Dive Brief:
- New Hampshire’s Performance Assessment of Competency Education (PACE) has served as a model for how to use alternative assessment forms to replace standardized tests or end-of-year exams. Now, districts participating in PACE will use those assessments for accountability purposes under the Every Student Succeeds Act (ESSA).
- Teachers in the PACE districts will have input in designing the assessments, which are connected to what students are learning throughout the year.
- The state is the second, after Louisiana, to take advantage of the flexibility under the law’s Innovative Assessment Demonstration Authority, which was designed to encourage development of the “next generation of assessments," according to a Tuesday U.S. Department of Education press release.
Dive Insight:
The pilot — for up to seven states — allows participants to avoid double testing students on both alternative assessments and those required by their states. It’s also viewed as a way to bring more balance to assessments after the use of standardized, multiple choice tests proliferated during the No Child Left Behind era.

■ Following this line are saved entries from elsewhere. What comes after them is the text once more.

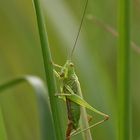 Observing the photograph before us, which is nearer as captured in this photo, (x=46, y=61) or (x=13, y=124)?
(x=46, y=61)

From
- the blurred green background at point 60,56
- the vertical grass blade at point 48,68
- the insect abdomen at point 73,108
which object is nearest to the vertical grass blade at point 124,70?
the vertical grass blade at point 48,68

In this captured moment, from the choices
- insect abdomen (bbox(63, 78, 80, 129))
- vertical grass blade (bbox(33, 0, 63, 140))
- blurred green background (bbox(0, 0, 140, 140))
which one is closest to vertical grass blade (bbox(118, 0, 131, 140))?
vertical grass blade (bbox(33, 0, 63, 140))

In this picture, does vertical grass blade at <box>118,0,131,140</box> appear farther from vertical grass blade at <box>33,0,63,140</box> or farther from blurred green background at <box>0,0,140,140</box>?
blurred green background at <box>0,0,140,140</box>

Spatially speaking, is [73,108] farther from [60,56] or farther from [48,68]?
[60,56]

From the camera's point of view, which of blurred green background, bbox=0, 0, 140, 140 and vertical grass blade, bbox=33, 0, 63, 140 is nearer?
vertical grass blade, bbox=33, 0, 63, 140

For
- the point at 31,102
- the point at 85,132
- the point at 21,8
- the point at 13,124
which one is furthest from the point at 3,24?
the point at 85,132

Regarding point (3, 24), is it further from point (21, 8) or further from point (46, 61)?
point (46, 61) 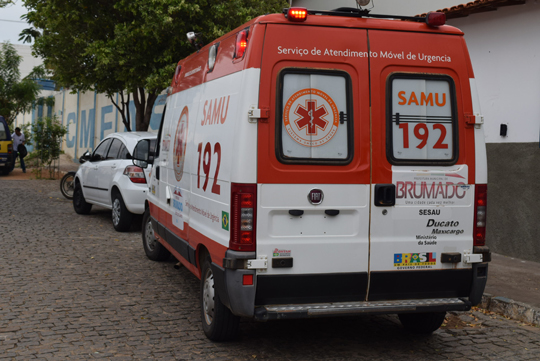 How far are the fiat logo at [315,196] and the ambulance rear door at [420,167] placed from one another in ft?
1.39

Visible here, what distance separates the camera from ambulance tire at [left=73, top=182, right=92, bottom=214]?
12.7 m

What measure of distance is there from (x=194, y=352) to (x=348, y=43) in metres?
2.72

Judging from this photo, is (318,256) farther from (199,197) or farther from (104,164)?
(104,164)

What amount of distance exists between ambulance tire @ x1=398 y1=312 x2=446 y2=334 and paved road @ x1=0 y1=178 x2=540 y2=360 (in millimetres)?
98

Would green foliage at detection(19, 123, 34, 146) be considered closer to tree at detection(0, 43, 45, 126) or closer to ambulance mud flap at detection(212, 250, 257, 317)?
tree at detection(0, 43, 45, 126)

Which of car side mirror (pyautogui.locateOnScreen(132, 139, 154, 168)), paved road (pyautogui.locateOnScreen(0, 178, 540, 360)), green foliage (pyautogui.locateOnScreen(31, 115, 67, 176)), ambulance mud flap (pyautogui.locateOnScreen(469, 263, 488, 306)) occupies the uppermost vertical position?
green foliage (pyautogui.locateOnScreen(31, 115, 67, 176))

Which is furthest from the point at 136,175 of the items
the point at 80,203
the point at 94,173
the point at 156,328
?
the point at 156,328

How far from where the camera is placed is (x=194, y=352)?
4910mm

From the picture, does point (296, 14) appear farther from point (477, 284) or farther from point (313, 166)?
point (477, 284)

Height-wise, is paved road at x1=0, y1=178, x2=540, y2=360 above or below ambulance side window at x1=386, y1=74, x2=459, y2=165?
below

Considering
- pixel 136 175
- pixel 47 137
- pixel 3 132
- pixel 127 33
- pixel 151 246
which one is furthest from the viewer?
pixel 3 132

While innovative assessment projects have been growing across the country, it can be challenging to spread them across a district, much less multiple districts across a state, which may explain why applications for the pilot have been limited. Teachers need planning time to create performance assessments — such as essays, projects and demonstrations — that align to standards and are graded in a uniform way.
Even though only two states have gotten approval to participate so far, the hope is that lessons learned from the pilot will be shared more broadly and give other states roadmaps for how to make assessment more connected to students’ daily experiences.